(Source data):
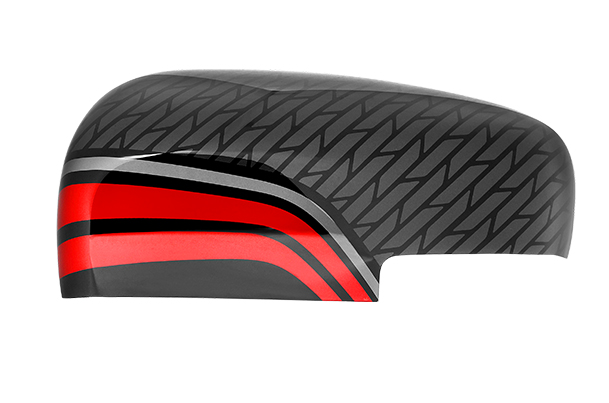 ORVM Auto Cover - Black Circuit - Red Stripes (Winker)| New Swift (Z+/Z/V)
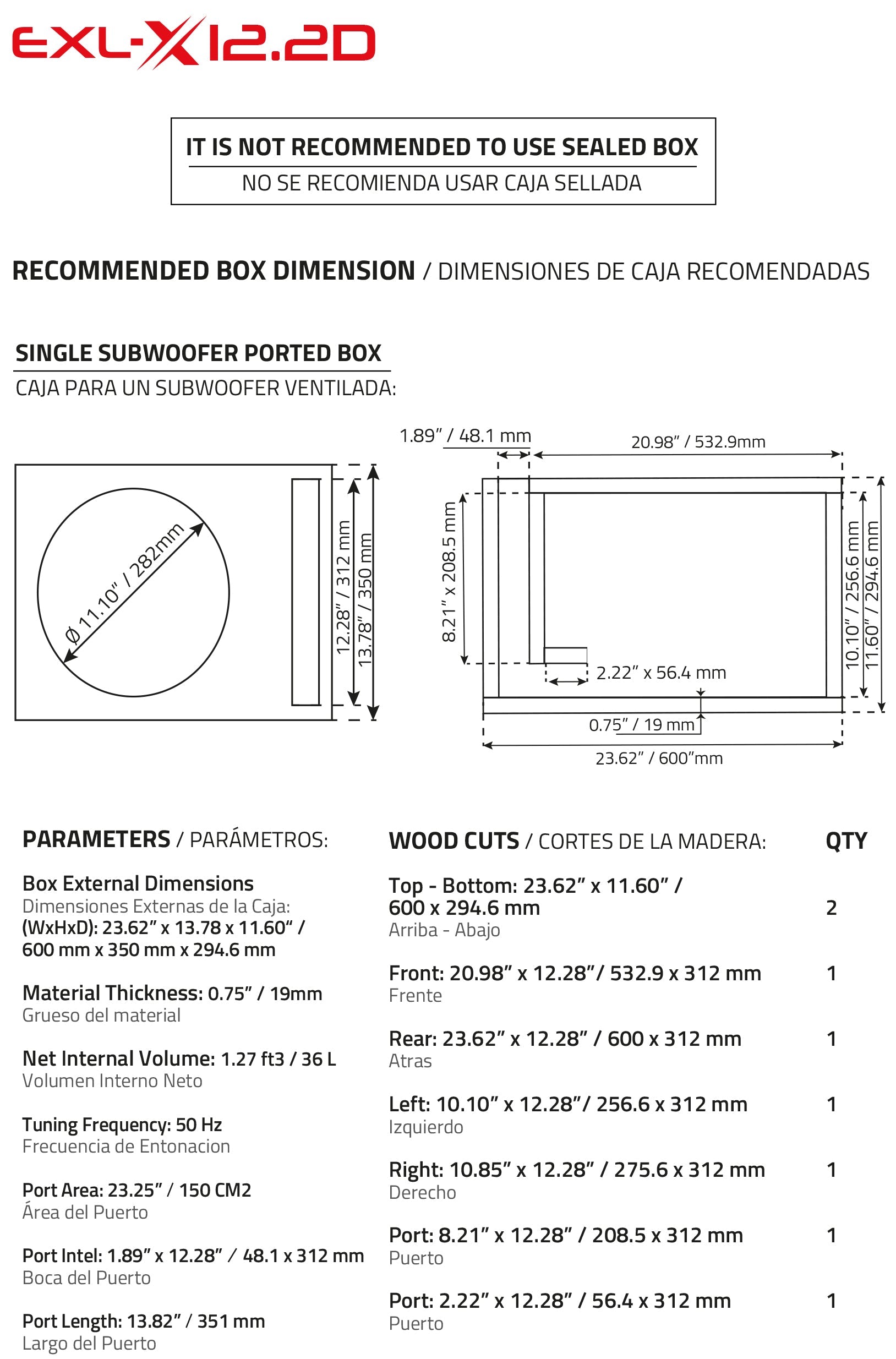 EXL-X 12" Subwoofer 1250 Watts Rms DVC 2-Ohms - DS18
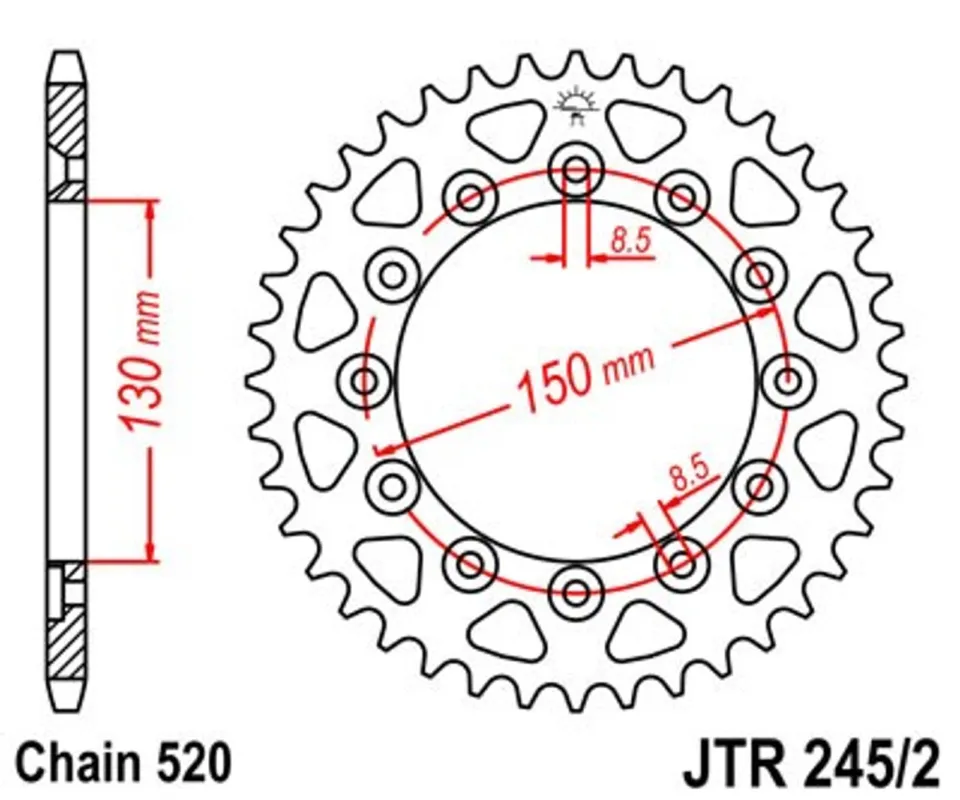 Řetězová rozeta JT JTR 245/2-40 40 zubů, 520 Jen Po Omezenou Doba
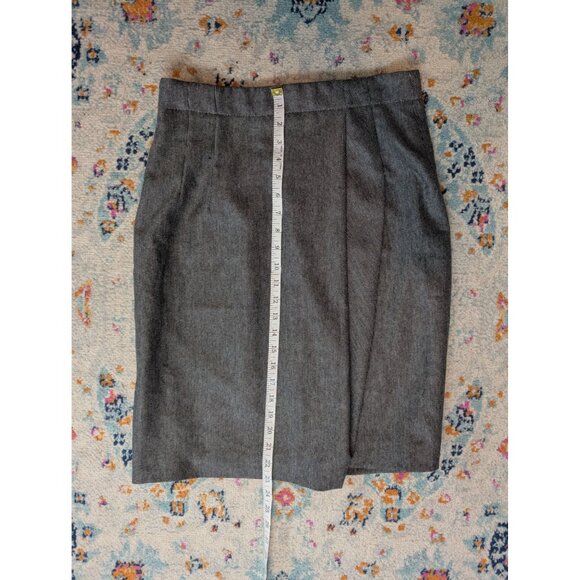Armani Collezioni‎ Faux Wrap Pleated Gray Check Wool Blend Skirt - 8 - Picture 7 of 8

(What the task requires): What you give back must be exactly the lines of the listing above from the line containing "Řetězová rozeta JT" through its last line, inclusive, without pictures, please.

(Task output):
 Řetězová rozeta JT JTR 245/2-40 40 zubů, 520 Jen Po Omezenou Doba
Armani Collezioni‎ Faux Wrap Pleated Gray Check Wool Blend Skirt - 8 - Picture 7 of 8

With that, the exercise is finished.